Refugee rights in West Africa example for region
While reform of migration policy in the Economic Community of West African States (ECOWAS) is quite slow, the treatment of refugees within this region has demonstrated signs of progress that are an inspiration to other African countries:
“Studies on the problem confirm that at mid-2007 there were no less than 270, 000 refugees in the West African region, with most of them fleeing civil wars in Liberia (120, 000) and Sierra Leone (19, 000); that they are located in refugee camps or dispersed in local communities and urban centers; and that although all these individuals have been accorded the recognition by their host governments as ECOWAS citizens, toleration or acceptance of their residence is largely predicated on the legal fact of them being refugees. Fuller implementation of the ECOWAS Protocols covering issues of permanent residence [Phase II] will grant the citizens of all Member States, including refugees willing and able to work, the right to a secure residence and to appropriately engage in work for decent living.
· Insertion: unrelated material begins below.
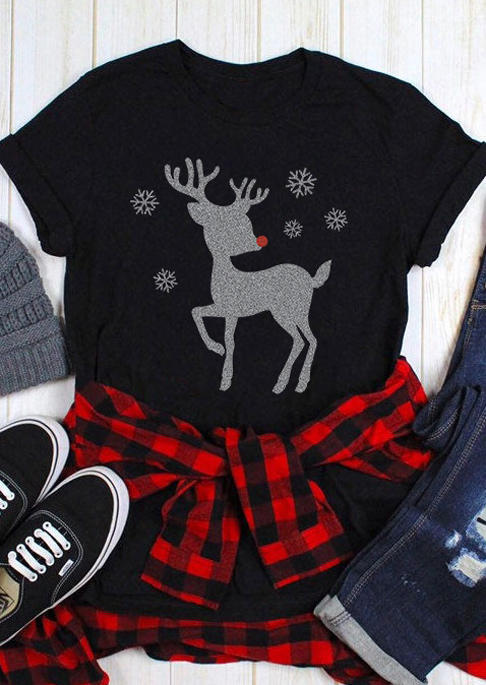 

Christmas Reindeer Snowflake T-Shirt Tee - Black, SCM008963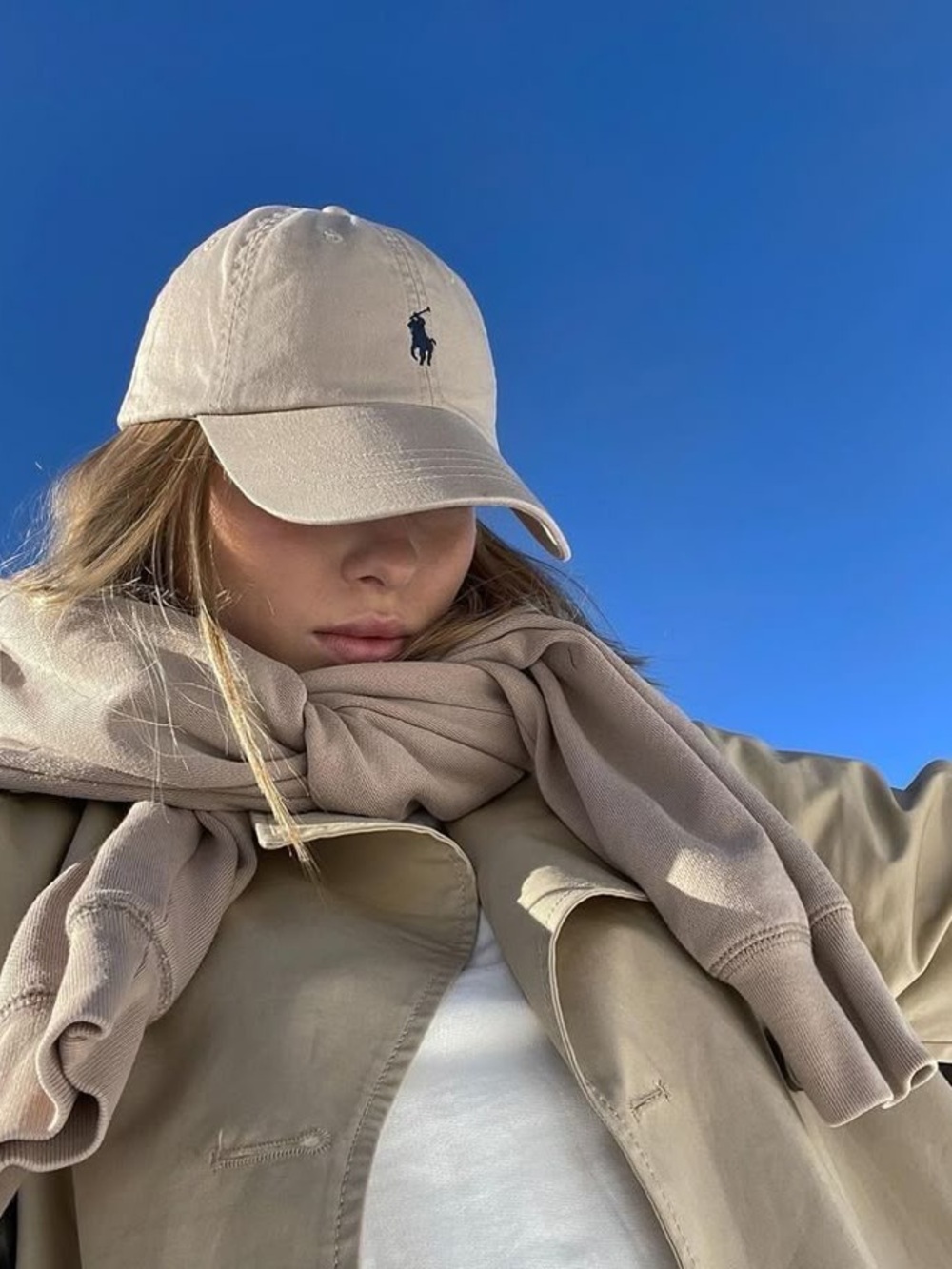 Polo by Ralph Lauren Beige Baseball Cap with Pony Logo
“Among the seven countries where refugees in the region are currently most concentrated (Cote d'Ivoire, The Gambia, Ghana, Sierra Leone, Guinea, Liberia, and Nigeria), there is the general understanding that although the ECOWAS Protocols are not refugee instruments those protocols are not in conflict with the refugee instruments and so can be applied to serve the immediate and long term interests of those so affected. The ECOWAS has consistently made the same argument, that along with other Community citizens, refugees are to be granted equal treatment and protection under the free movement protocols. Indeed, the ECOWAS Treaty seeks to promote much more than economic integration; its broader objectives include responsibilities for humanitarian intervention, maintenance of peace and security through good neighborliness, and promotion of human and peoples' rights. Thus conceived, the Treaty and the Protocols are in harmony with the refugee instruments as defined in the 1951 Convention relating to refugees; and the regional Organization of African Union (now African Union) Convention governing the specific aspects of refugee problems in Africa.
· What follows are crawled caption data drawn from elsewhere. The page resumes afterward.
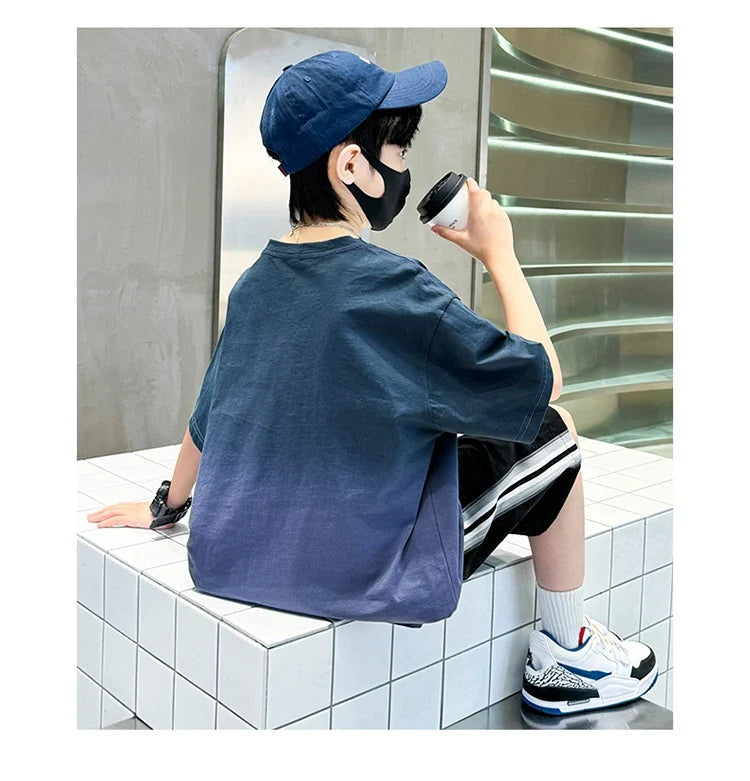 Children Summer Set for Boy Cotton Short Sleeve T-shirt And Shorts Clothing Set Kids Hip Hop Rapper Outfit Suit 2 Pcs Tracksuit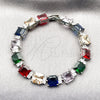 Rhodium Gold Filled Tennis Bracelet, with Multicolor and White Cubic Zirconia, Polished, Rhodium Finish, 03.460.0002.07 (Thickness, 7 Inches Length)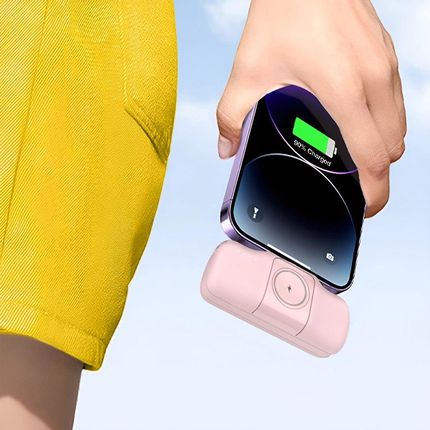 Wozinsky Mini Powerbank Wf16-Yls 5000mAh 15W Lightning Z Wbudowanym Kablem USB-C I Ładowarką Do Apple Watch Różowy - zdjęcie 5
“Looking beyond characteristic problems and going forward, there is evidence of glacial change of attitude toward refugees in the region: First, the gradual consolidation of peace through post-conflict reconstruction efforts in Liberia and Sierra Leone, and improved economic performance in many ECOWAS countries are beginning to create a new receptivity among Member States to the integration of refugees in host countries. Second, the growing desire for the benefits of integration and the reciprocal quality of entitlements under the free movement protocols are additional factors arguing in favor of tolerance for refugees and the necessity of providing for their benefits. Third, both the ECOWAS and the UNHCR have convinced Member States to find a fit in their national development plans for refugees such that now host countries are conducting an inventory of their domestic economic needs and tapping into available refugees' skills and channel same toward advancing their national development strategies. Fourth, there seems to be a growing interest among other regional organizations on the continent to examine what is currently going on in West Africa — countries outside the region (in Southern Africa and in East Africa) are assessing the applicability of similar local integration initiatives to their own local labor mobility arrangements and requirements.”
The increasingly free flow of refugees across borders in the ECOWAS zone has strongly positive implications for the situation of refugees in general in Africa. The freer the flow of migration in general, the more easily refugee populations will be able to escape conflict zones and arrive in safe locations. At the same time, integrating these refugees into host societies is a stronger challenge, though attitudes in general toward refugees are showing signs of "glacial"-paced improvement.